Data extract |
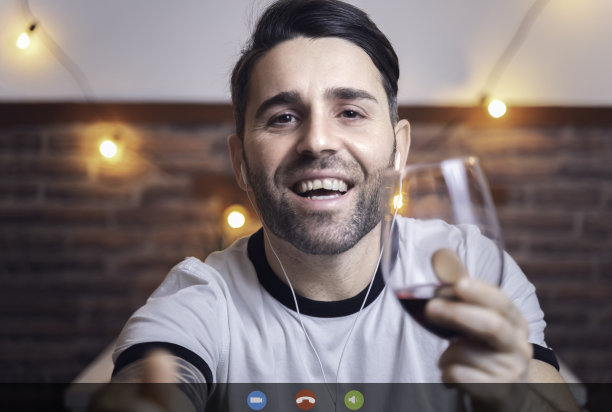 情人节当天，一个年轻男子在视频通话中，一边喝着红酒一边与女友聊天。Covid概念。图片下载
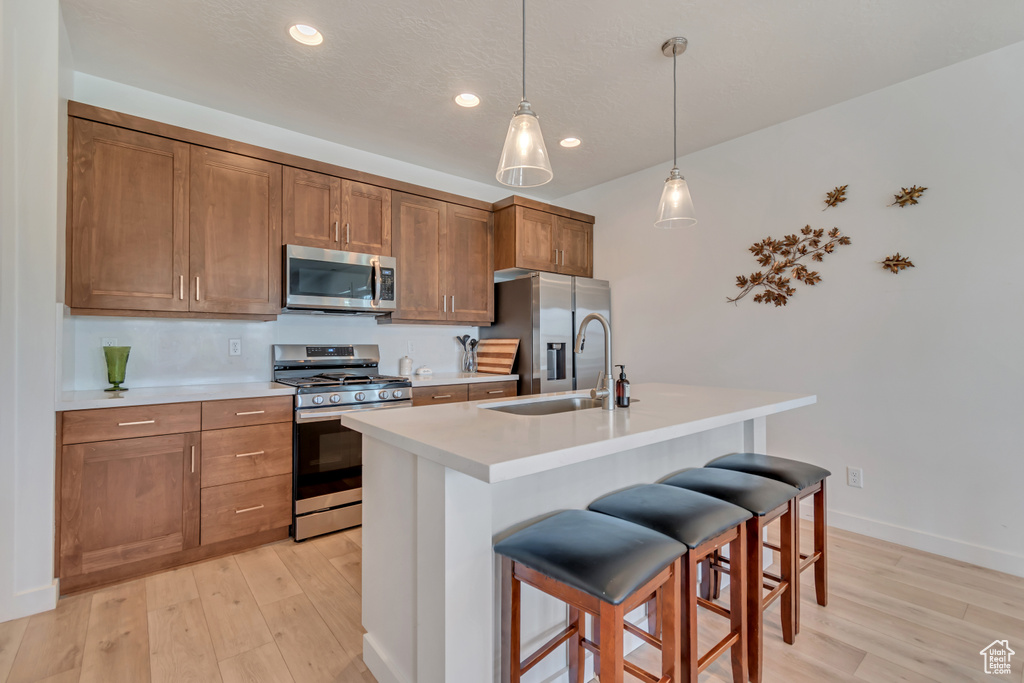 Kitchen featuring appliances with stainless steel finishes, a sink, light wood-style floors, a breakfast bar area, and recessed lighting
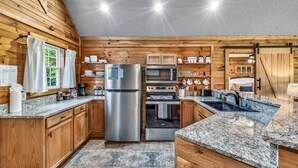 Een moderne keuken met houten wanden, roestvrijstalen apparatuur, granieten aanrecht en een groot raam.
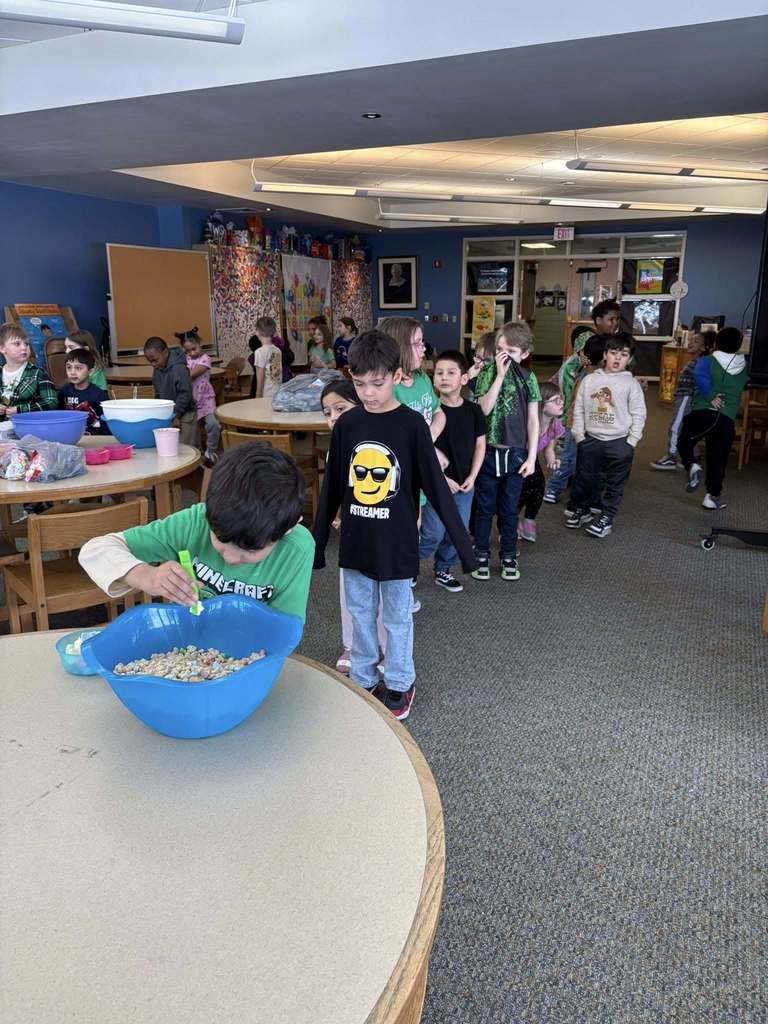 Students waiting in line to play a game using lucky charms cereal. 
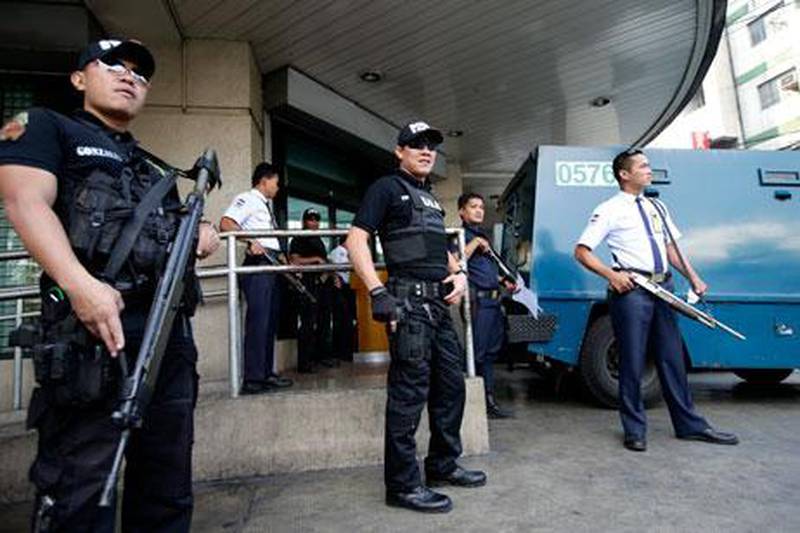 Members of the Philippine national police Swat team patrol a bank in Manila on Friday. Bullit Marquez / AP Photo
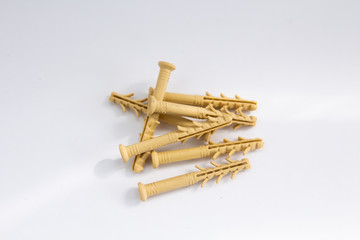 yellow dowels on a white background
==
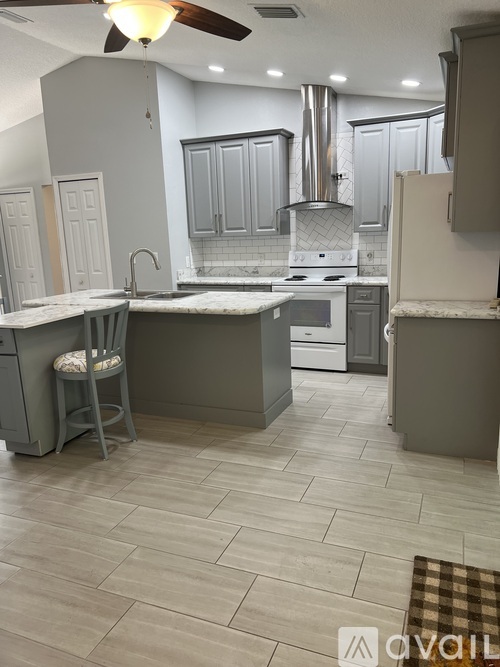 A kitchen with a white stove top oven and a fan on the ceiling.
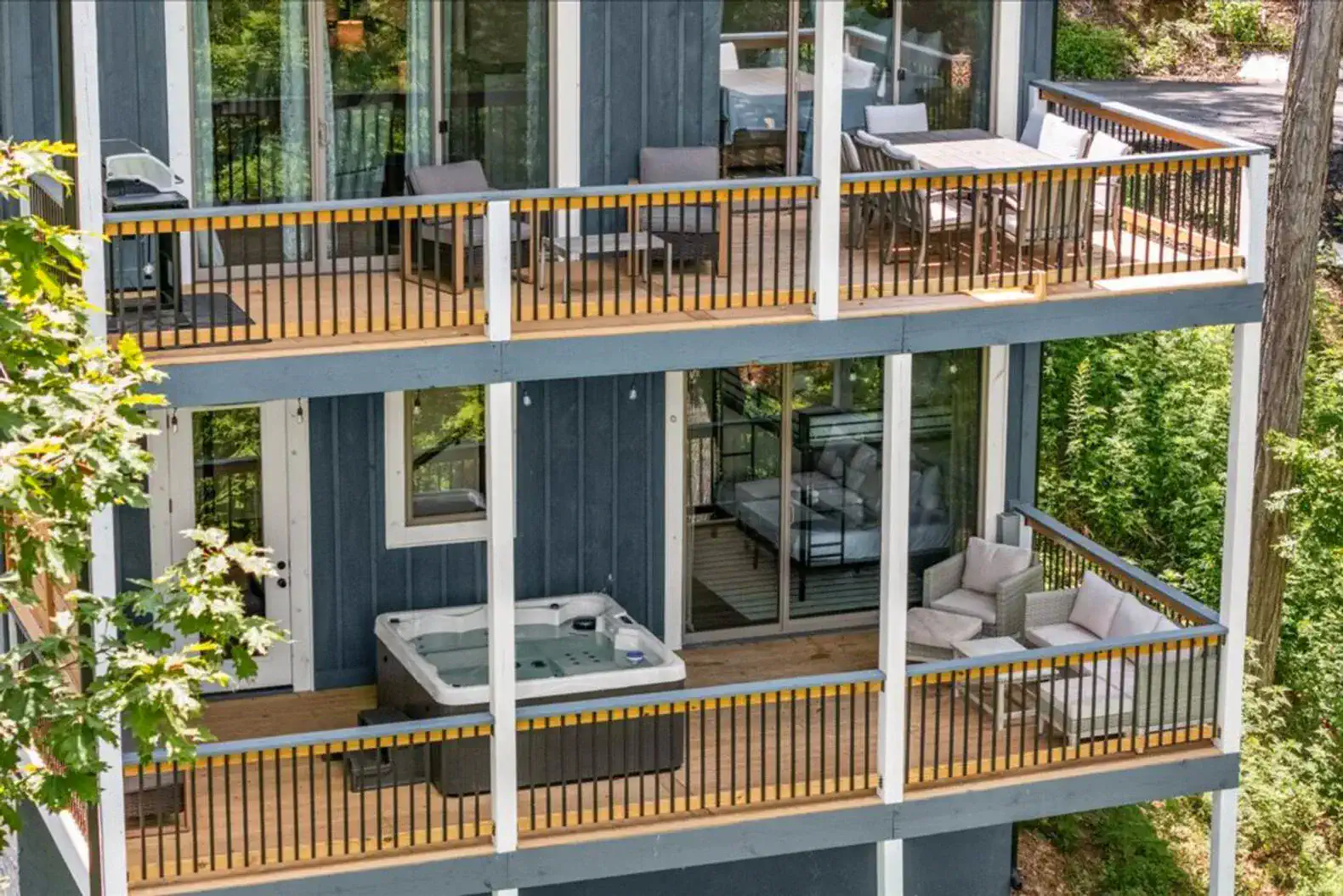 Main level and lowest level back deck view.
* * *
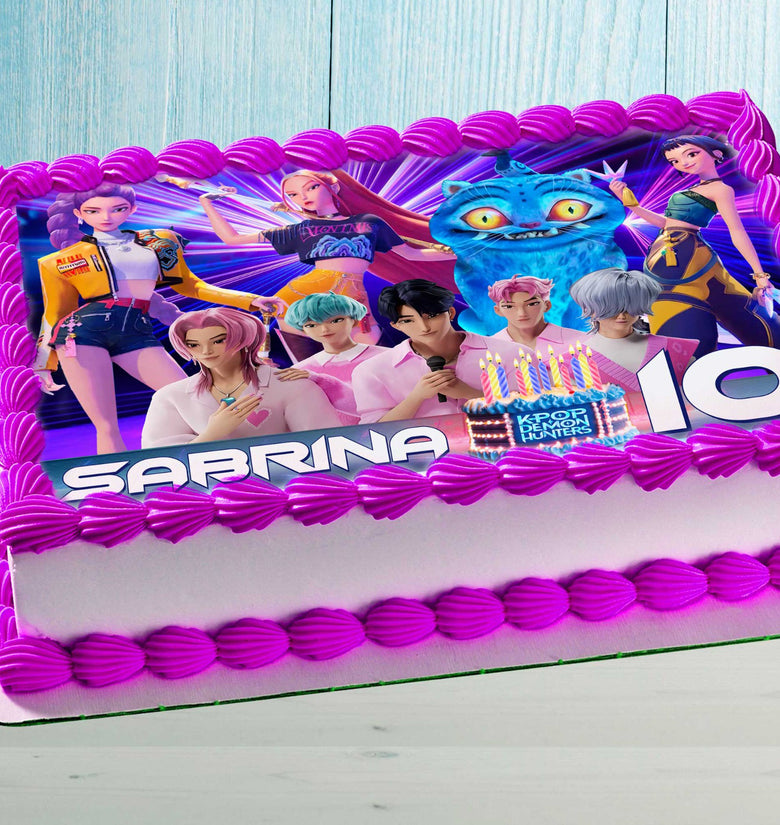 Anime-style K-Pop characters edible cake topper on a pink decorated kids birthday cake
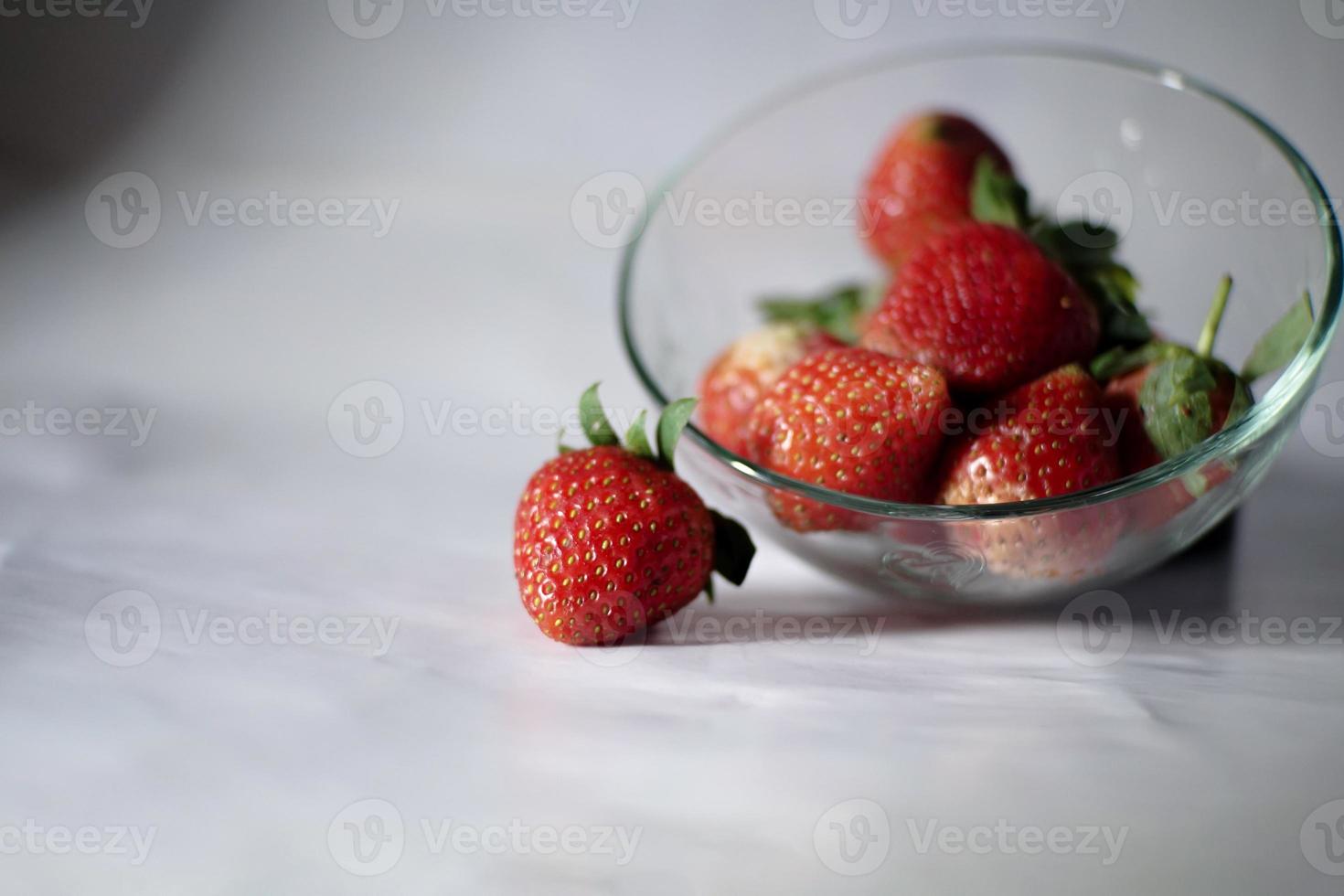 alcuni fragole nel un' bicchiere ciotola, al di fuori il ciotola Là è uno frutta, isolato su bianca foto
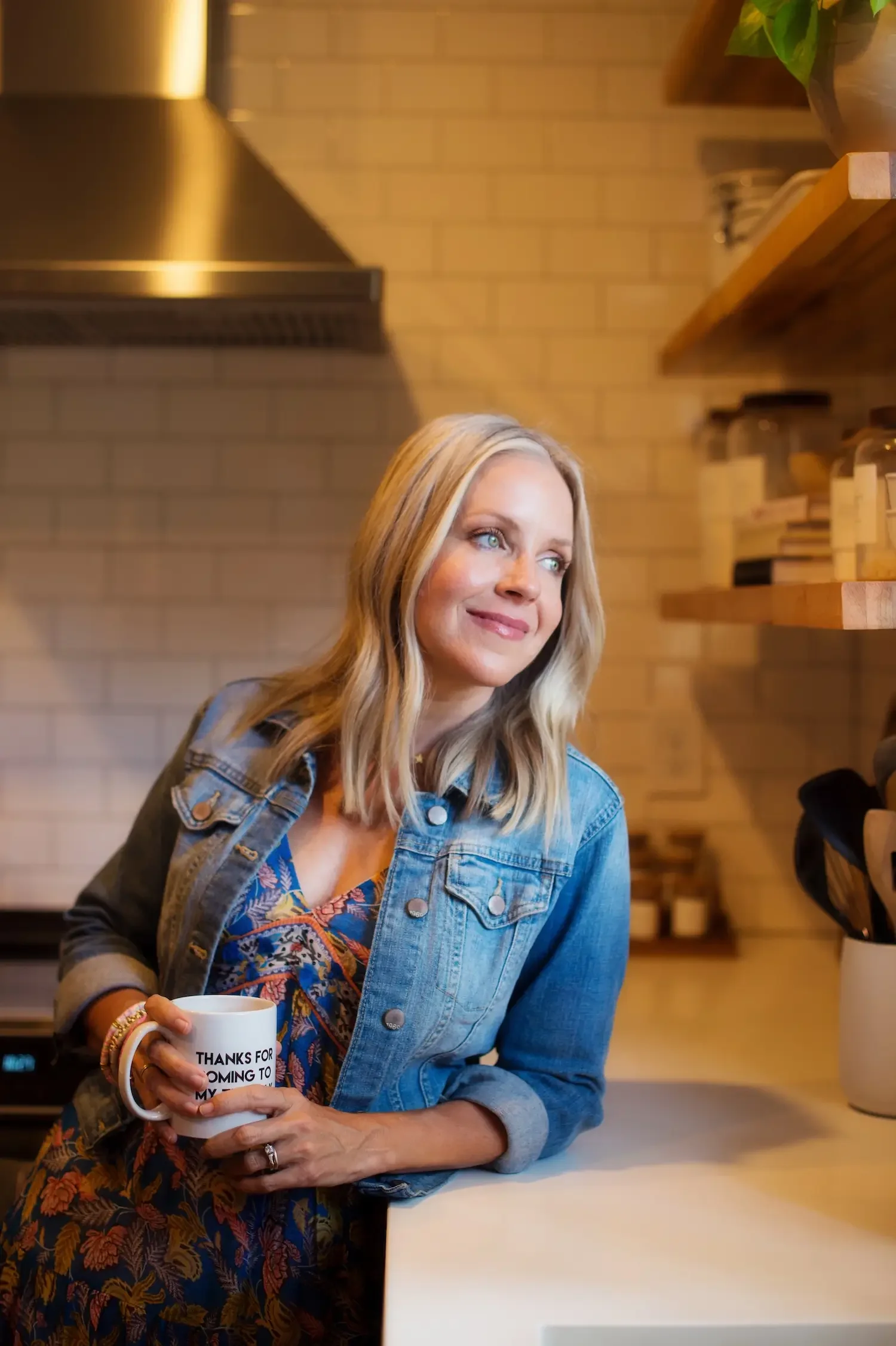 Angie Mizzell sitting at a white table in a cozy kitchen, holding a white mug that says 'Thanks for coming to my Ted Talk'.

Task requirements | An exact copy is needed of the entries above, starting at the line that holds "A kitchen with" and stopping at the line that holds "Main level and lowest level back deck view.", both kept; pictures stay out.

Exercise solution |
 A kitchen with a white stove top oven and a fan on the ceiling.
 Main level and lowest level back deck view.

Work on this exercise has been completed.